It’s time to celebrate! After years of protest, followed by a decade of negotiations and planning, the Great Bear Rainforest Agreements are finally in place. Eighty-five per cent (3.1 million hectares) of the remote region’s coastal temperate rainforests are now permanently off-limits to industrial logging.
The ground-breaking Great Bear Rainforest agreements, a collaboration between environmental organizations (Sierra Club BC, Greenpeace, and Forest Ethics Solutions), provincial and First Nations governments, and the forestry industry, represent one of the most comprehensive conservation and forest management achievements on earth and will certainly be looked at as a model for future conservation efforts.
Click below to watch a video on the Great Bear Rainforest Agreements.
The Region
The Great Bear Rainforest region is 6.4 million hectares, stretching from B.C.’s Discovery Islands up to the Tongass Rainforest of Alaska. Together with the islands of Haida Gwaii it represents the largest tracts of intact temperate rainforest remaining on the planet. It is the traditional territory of 26 First Nations who have lived in this rainforest for thousands of years.

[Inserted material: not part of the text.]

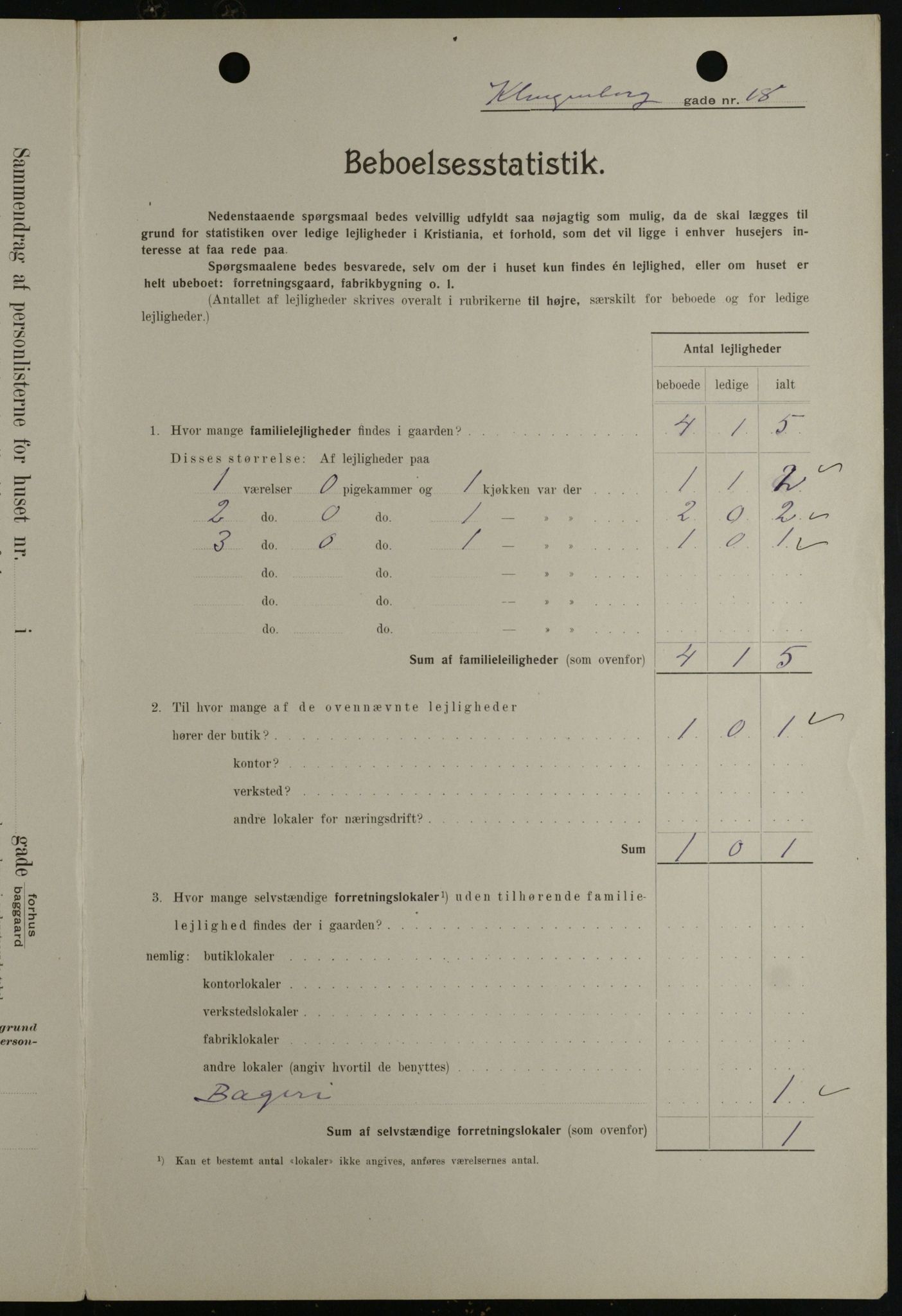 OBA, Municipal Census 1908 for Kristiania, 1908, p. 46434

Ecosystem-Based Management
The system used as the basis for the Great Bear Rainforest agreements is Ecosystem-Based Management (EBM). EBM approaches land conservation by taking into account both human well-being and ecological integrity. This is a model that respects the limits of nature, a model the world is desperately waiting for.
Strengthening Indigenous Rights
The majority of the First Nations in the region are part of two strategic alliances: Nanwakolas Council and Coastal First Nations – Great Bear Initiative.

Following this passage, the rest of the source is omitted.